*** Opening of Data below ***
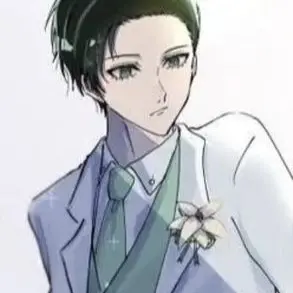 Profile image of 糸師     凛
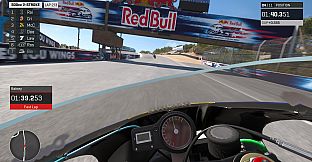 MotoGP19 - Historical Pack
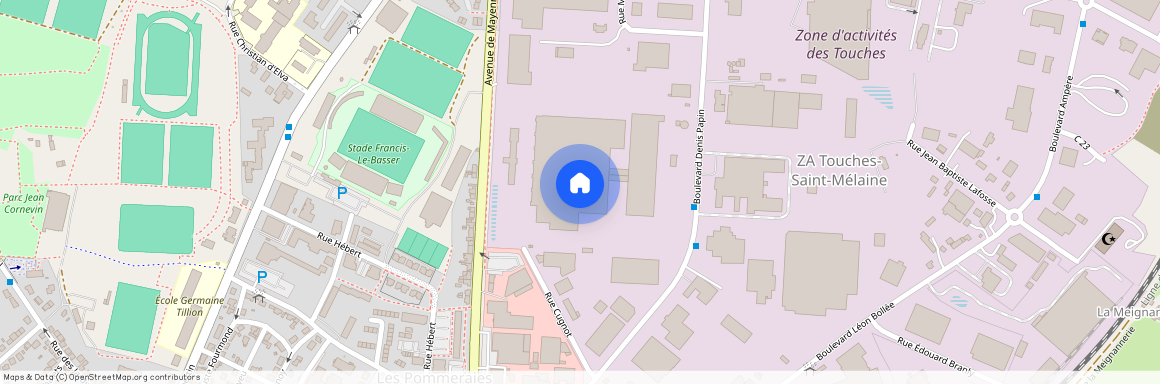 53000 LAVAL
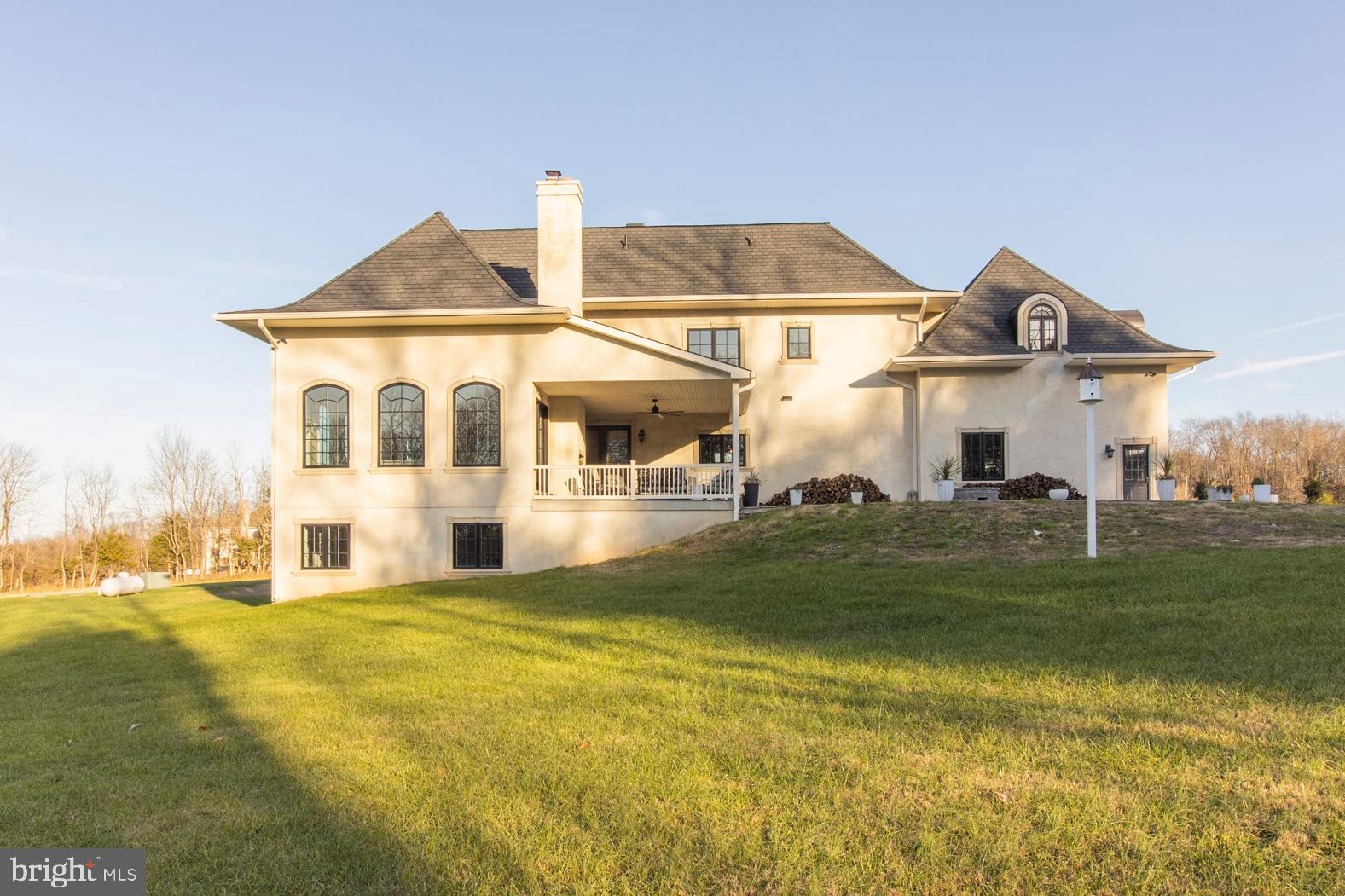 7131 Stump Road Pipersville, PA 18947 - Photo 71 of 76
*** Close of Data below ***
Word for word, reproduce all the data, but not the pictures.

» **Exercise result**:
 Profile image of 糸師     凛
 MotoGP19 - Historical Pack
 53000 LAVAL
 7131 Stump Road Pipersville, PA 18947 - Photo 71 of 76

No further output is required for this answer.